И так во всем. Доктор Спок – Америка содрогнулась от двух поколений истериков, воспитанных по его системе. Заласканные в детстве дети, ни в чем не знавшие отказа и ограничений, выходя в большую жизнь, где господствует жесткая конкуренция, испытывали стрессы, приводившие к фрустрациям, а порой и к суицидам. Вот вам и гипертрофия свободного воспитания. Такое опрощенное в массовом сознании восприятие его концепций в который раз доказало, что полое отрицание принуждения в воспитании есть отрицание культуры. Но сам доктор Спок был живым человеком, постоянно вносившим поправки в свои книги, и уже в конце 1950-х там появлялись главы о родительском авторитете и дисциплине.

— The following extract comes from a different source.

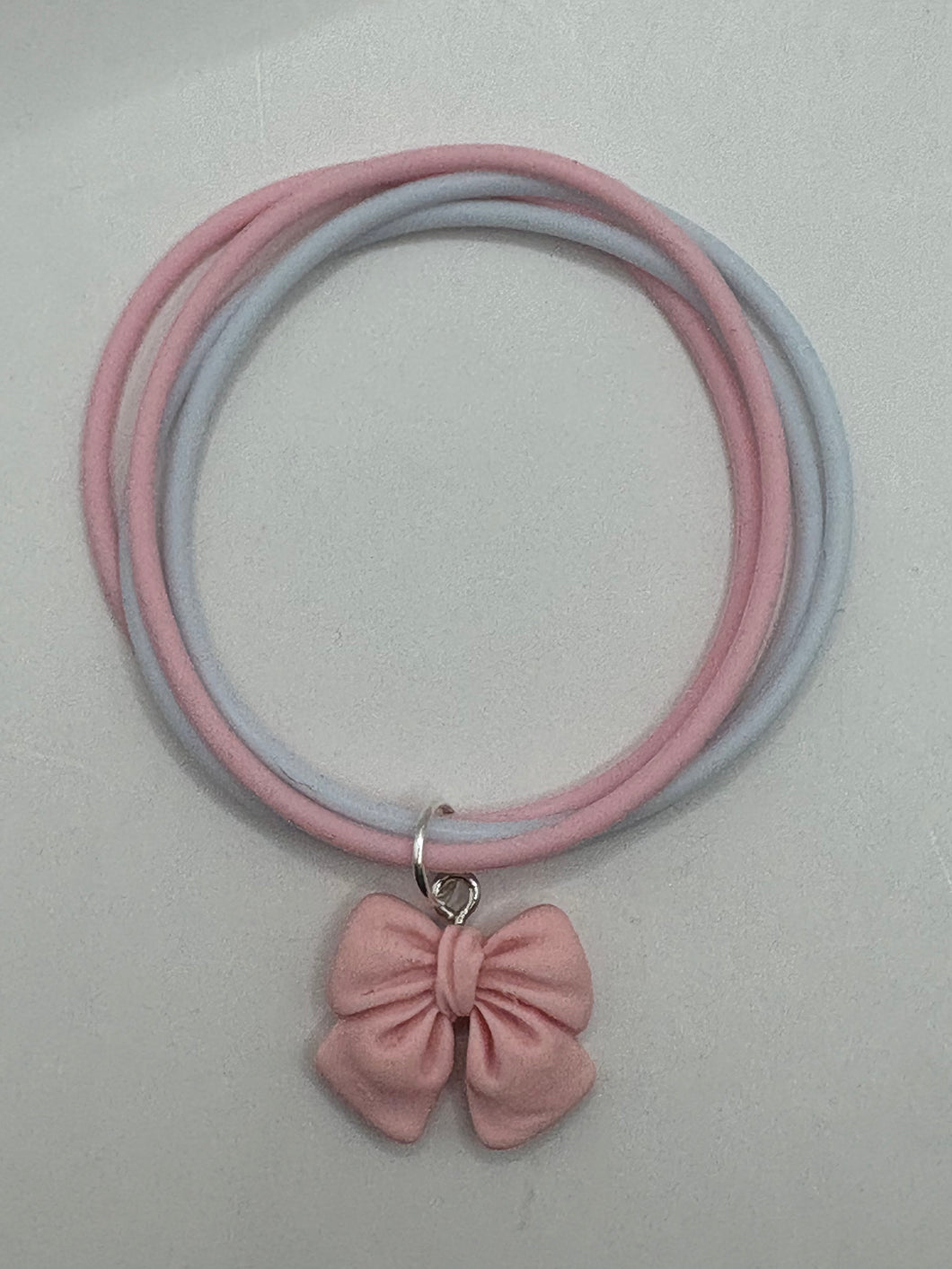 Silicone Bracelet Stack with Bow Charm size 6.5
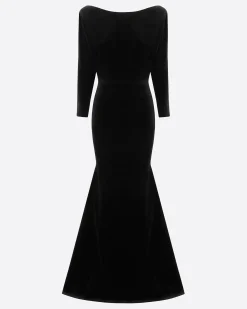 Long Sleeve Open Back Gown in Velvet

При всем почтении к Макаренко словосочетание «производительный труд» вызывало у меня в 1970-е годы устойчивую аллергию, поскольку за ним скрывался государственный цинизм, позволявший бессовестно использовать бесплатный детский труд. В 1970-е годы учебный год для узбекских детей начинался во второй четверти. Во время первой они убирали хлопок, за что некоторые из них получали правительственные награды. Такое же положение было в российских деревнях, где колхозы без помощи школьников не могли справиться с уборкой урожая. В собственной городской школе я обязан был использовать «воспитательный потенциал производительного труда», получая заказ на надевание резинок на пипетки. Оплата детям была гарантирована – полкопейки за штуку. Личную вину за этот педагогический абсурд Макаренко не несет. Его колонисты производили фотоаппараты ФЭД на самом современном по тем временам производстве.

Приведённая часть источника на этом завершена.